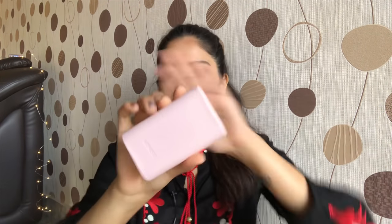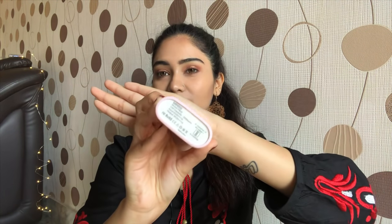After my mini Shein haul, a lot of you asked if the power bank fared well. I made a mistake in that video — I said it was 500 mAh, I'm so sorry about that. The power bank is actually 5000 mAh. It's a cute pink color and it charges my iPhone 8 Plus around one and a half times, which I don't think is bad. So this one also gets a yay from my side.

·····

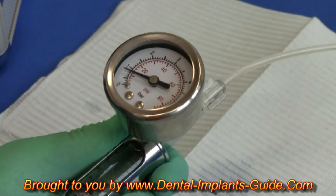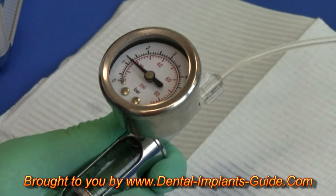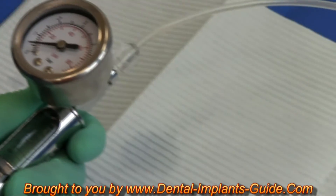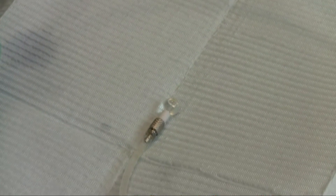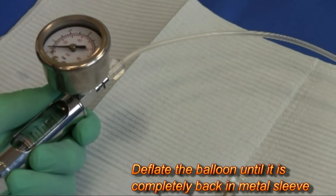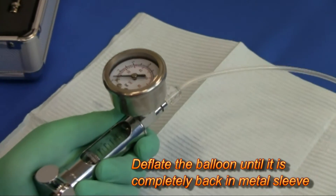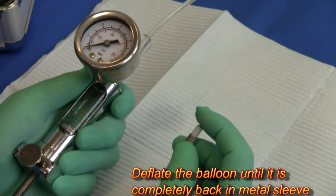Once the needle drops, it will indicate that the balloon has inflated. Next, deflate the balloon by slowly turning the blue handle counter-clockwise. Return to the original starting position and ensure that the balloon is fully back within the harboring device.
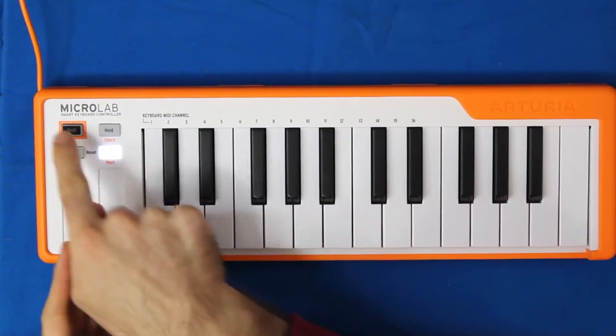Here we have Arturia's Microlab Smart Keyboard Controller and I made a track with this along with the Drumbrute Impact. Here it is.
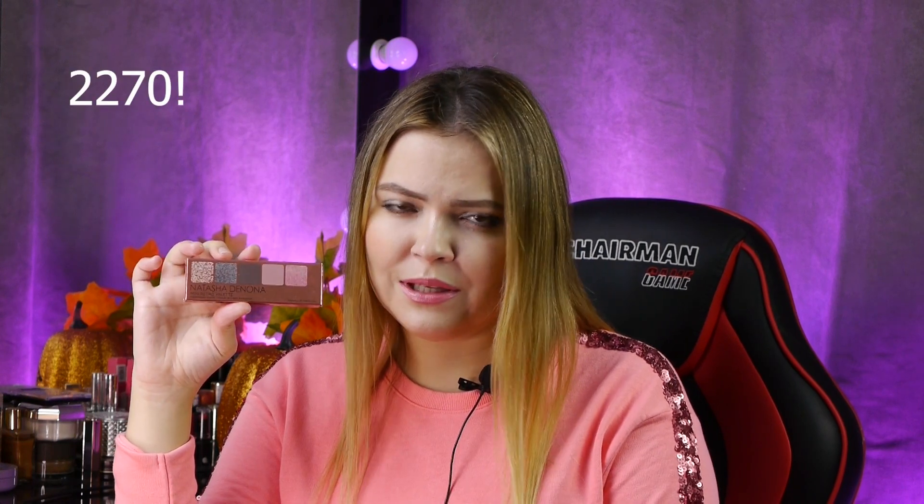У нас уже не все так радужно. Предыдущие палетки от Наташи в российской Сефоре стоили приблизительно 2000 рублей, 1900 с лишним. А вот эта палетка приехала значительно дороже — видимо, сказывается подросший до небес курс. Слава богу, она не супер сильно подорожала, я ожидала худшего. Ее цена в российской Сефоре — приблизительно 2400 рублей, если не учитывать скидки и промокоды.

·····

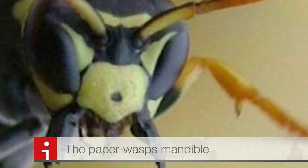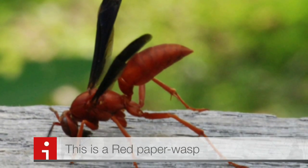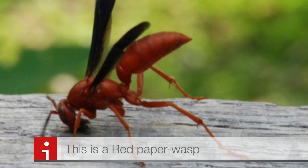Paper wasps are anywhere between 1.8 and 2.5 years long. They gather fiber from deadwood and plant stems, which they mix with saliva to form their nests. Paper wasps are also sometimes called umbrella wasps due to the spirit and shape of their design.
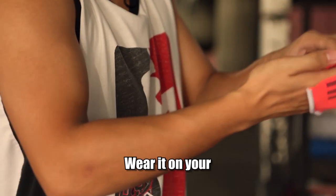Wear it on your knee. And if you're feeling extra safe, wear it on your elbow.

·····

### Assignment
Please print the lines above word for word, starting at the one with "Once the needle" and ending at the one with "У нас уже не", both included, and without any picture.

### Task response
Once the needle drops, it will indicate that the balloon has inflated. Next, deflate the balloon by slowly turning the blue handle counter-clockwise. Return to the original starting position and ensure that the balloon is fully back within the harboring device.
Here we have Arturia's Microlab Smart Keyboard Controller and I made a track with this along with the Drumbrute Impact. Here it is.
У нас уже не все так радужно. Предыдущие палетки от Наташи в российской Сефоре стоили приблизительно 2000 рублей, 1900 с лишним. А вот эта палетка приехала значительно дороже — видимо, сказывается подросший до небес курс. Слава богу, она не супер сильно подорожала, я ожидала худшего. Ее цена в российской Сефоре — приблизительно 2400 рублей, если не учитывать скидки и промокоды.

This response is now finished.